In recent years the Business Council of Australia (BCA) has drawn attention to the importance of the availability of a well-trained supply of employees for the Australian workplace. Specifically the BCA highlighted the benefits of a quality education imparting skills in the areas of collaboration, teamwork and leadership all of which greatly assist the effective practice of creativity, innovation and strategy. This paper makes a useful contribution to teaching practice in several ways. The paper links comments from the BCA to a significant and ongoing debate in the strategy literature on the best approaches to teaching the practice of strategy. The paper then demonstrates, with case studies from the RMIT University MBA and the Central Queensland University MBA programs, different approaches to how this can be done. This is followed by a critical discussion of the literature and case studies. Suggestions are made for future research and teaching practice.

Keywords: management education, 'soft' skills, 'hard' skills, strategic management, case studies, student assessment

INTRODUCTION

In recent years the Business Council of Australia (BCA) has drawn attention to the importance of the availability of a well-trained supply of employees for the Australian workplace. Specifically the BCA highlighted the benefits of a quality education imparting skills in the areas of collaboration, teamwork and leadership all of which greatly assist the effective practice of creativity, innovation and strategy (Lahey 2006a).
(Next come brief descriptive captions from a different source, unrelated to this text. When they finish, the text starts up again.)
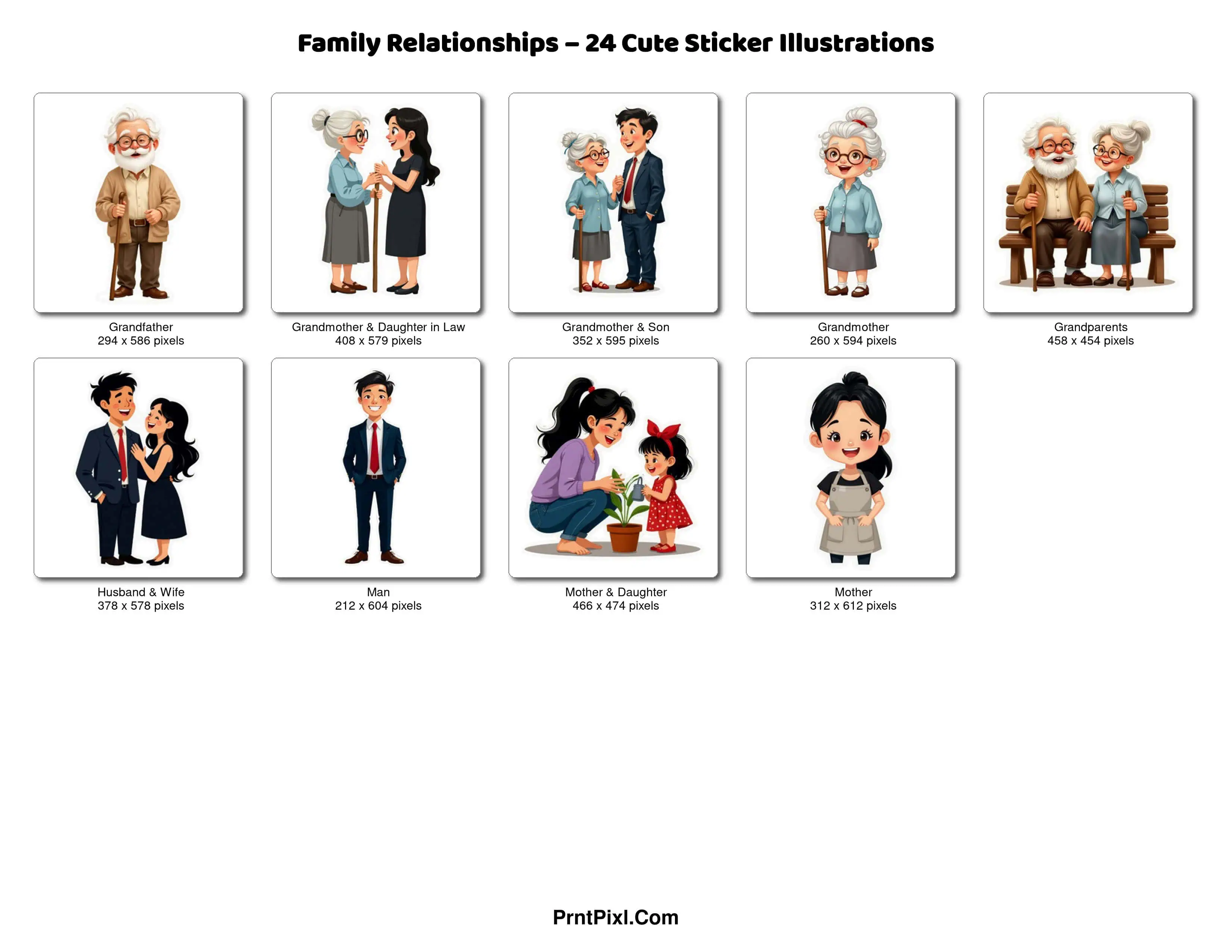 Family Relationship Stickers at PrntPixl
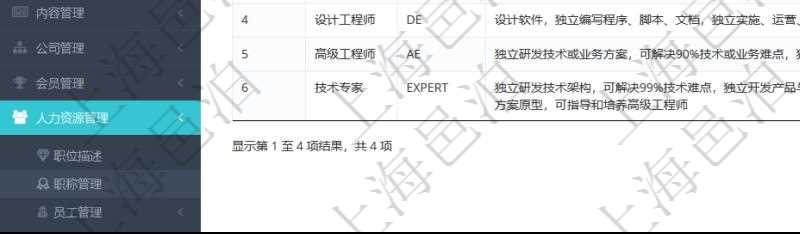 項目管理軟件人力資源管理職稱管理查詢列表可以查詢維護職稱配置信息,比如包括:ID、名稱、代碼、描述與分類等。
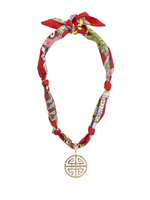Canvas Cora Greek Keys Scarf Necklace in Red/Brown/Yellow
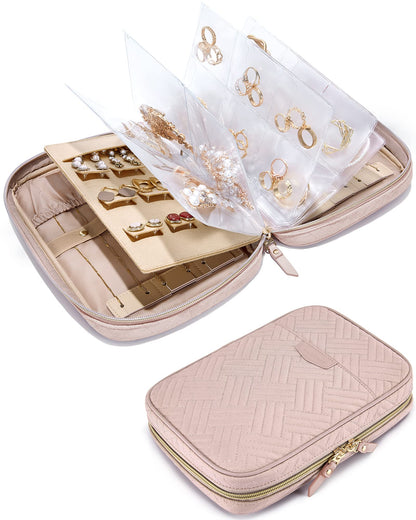 Jewelry Storage Book Ring Binder Pouch Bag for Travel Organizer Necklaces Earrings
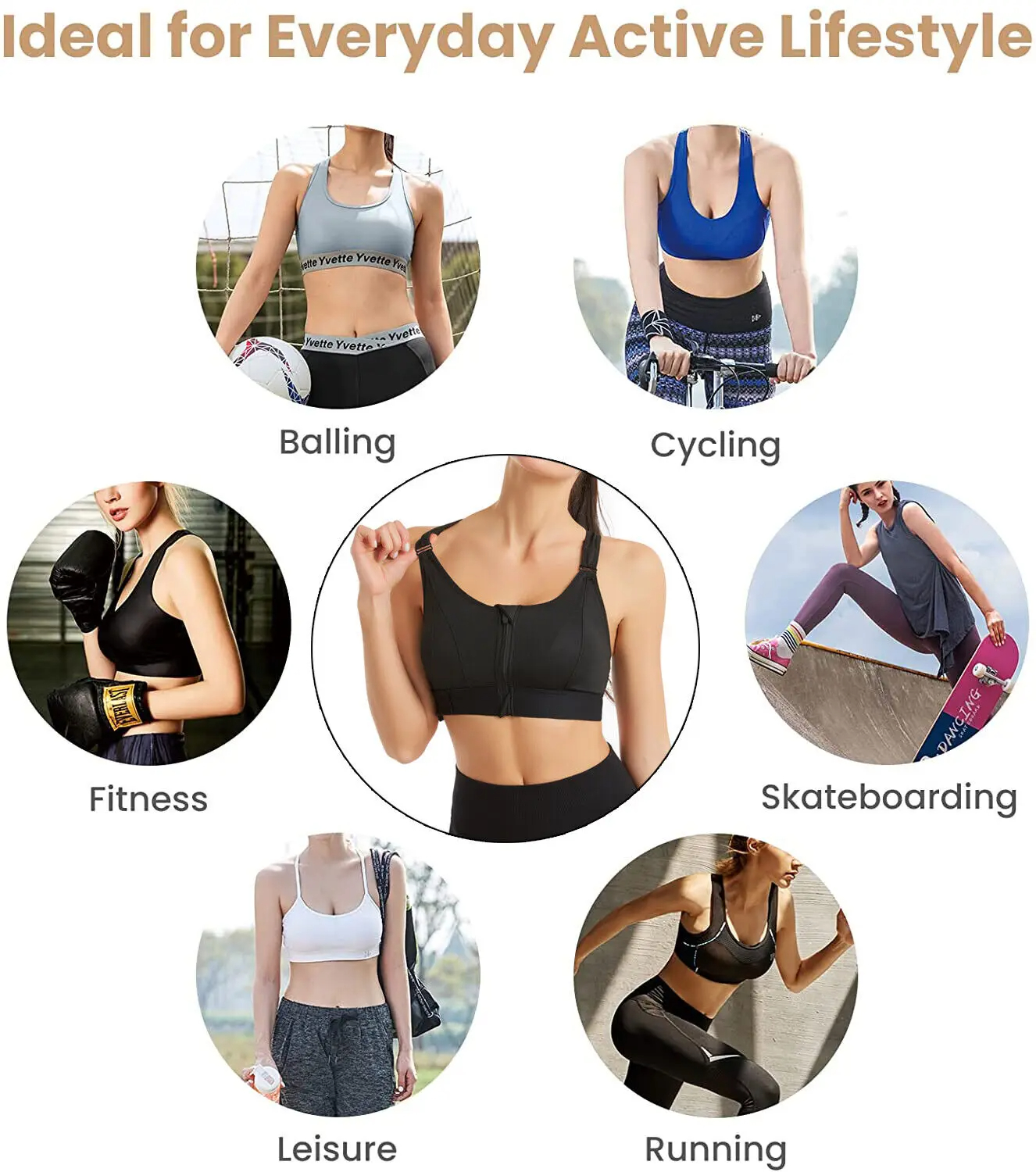 Soutien-gorge de sport sans couture avec fermeture éclair avant pour femme, sous-vêtements respirants, brassière antichoc sans armatures, course à pied et fitness AI0001 – Image 3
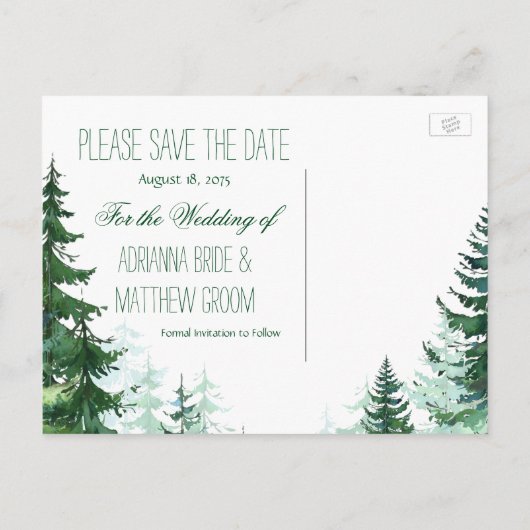 Fir Tree Wedding Save the Date 案内ポストカード (裏面)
The BCA has called for Australian Universities to do more to assist the development of these skills in Australian workers. Skills the BCA highlighted as important are the same skills as highlighted by management thought leaders - such as Henry Mintzberg, Kenichi Ohmae, Tom Peters, Robert Waterman, and British experts Richard Whittington and Loizos Heracleous - which are skills required for strategy making. This convergence of insight caught the attention of faculty at RMIT University (RMIT) and Central Queensland University (CQU) providing part of the motivation for this paper. Recent literature also indicates that these skills are of interest to management educators globally (Rubin and Dierdorff 2009).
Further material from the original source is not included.